This year our regular guide, Pete Smith, led us on a very interesting walk titled ‘Police, Pubs and Pirates: a walk round Wapping’. Despite a dire weather warning, we were blessed with a lovely sunny day which made our stroll along the sparkling Thames even more pleasant. The starting point near the Tower of London gave us the opportunity to appreciate the wonderful display of poppies in the Tower moat and to reflect on the immense loss of life caused by the First World War.
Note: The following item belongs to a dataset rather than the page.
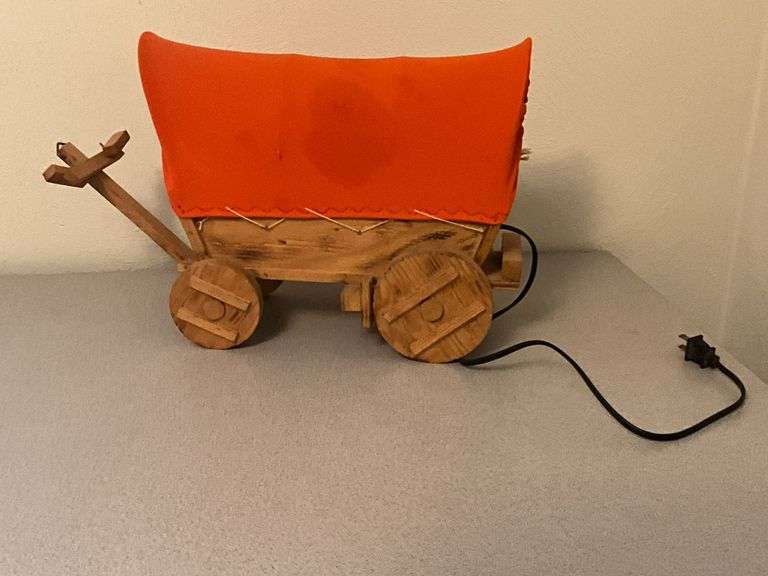 Lighted wooden covered wagon, 17" L x 11 1/2" T. image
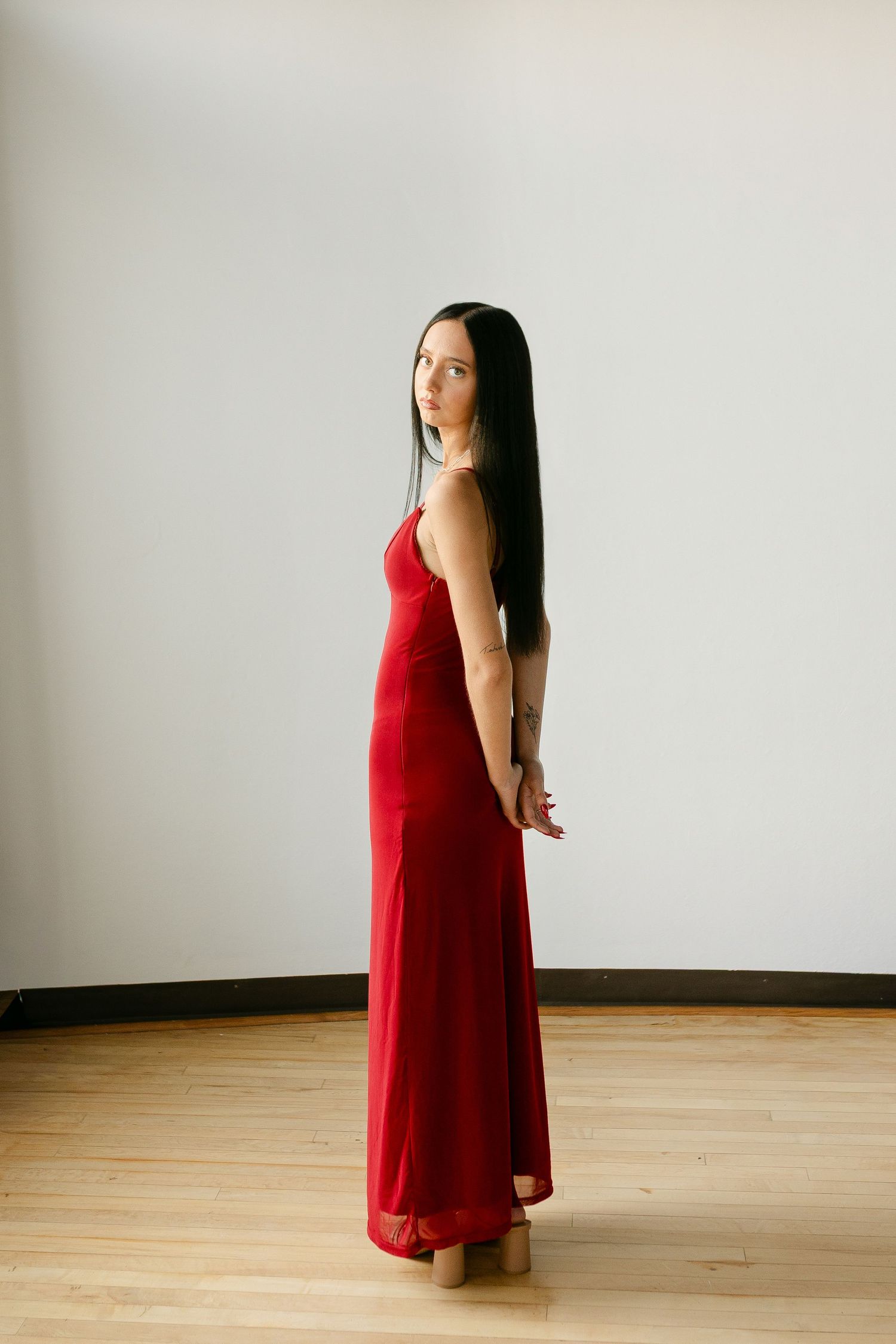 Woman in a long red spaghetti strap dress with long black hair posing in a minimalist studio setting.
We then passed the site of the first London public toilet – a 64-seater established by Queen Matilda in the early 12th century! Next, we were able to admire St. Katherine’ Dock and the Queen’s barge, Gloriana, displaying it gilded decoration to great effect in the autumn sunshine. The dock was created in the 1820s to enable the theft-free transit of luxury goods such as silk, spices and ivory from ship to warehouse. Although it continues its link with the world of luxury even today, it is worth remembering that 11,000 poor people were displaced and lost their homes during its construction and the material removed was transferred to Pimlico and Belgravia to fill the swampy land there.
And so on to Wapping where we saw the HQ of the Marine Police (founded in 1790) and heard some tales of their work when they were the only police force in London. Wapping High Street once contained 36 pubs and numerous brothels – a real sailors’ town – but today the area is quiet and upmarket. ‘The Town of Ramsgate’ pub (built 1545) still remains and near it is Execution Dock where pirates and their like were hung. Their bodies were then exposed to two river tides before being covered in pitch and displayed on gibbets to deter further miscreants. Today the spot is an attractive, grass-covered area with a good view out across the Thames.
Our enjoyable morning finished at Wapping Station and I, for one, headed for home much better informed about this fascinating and historic area.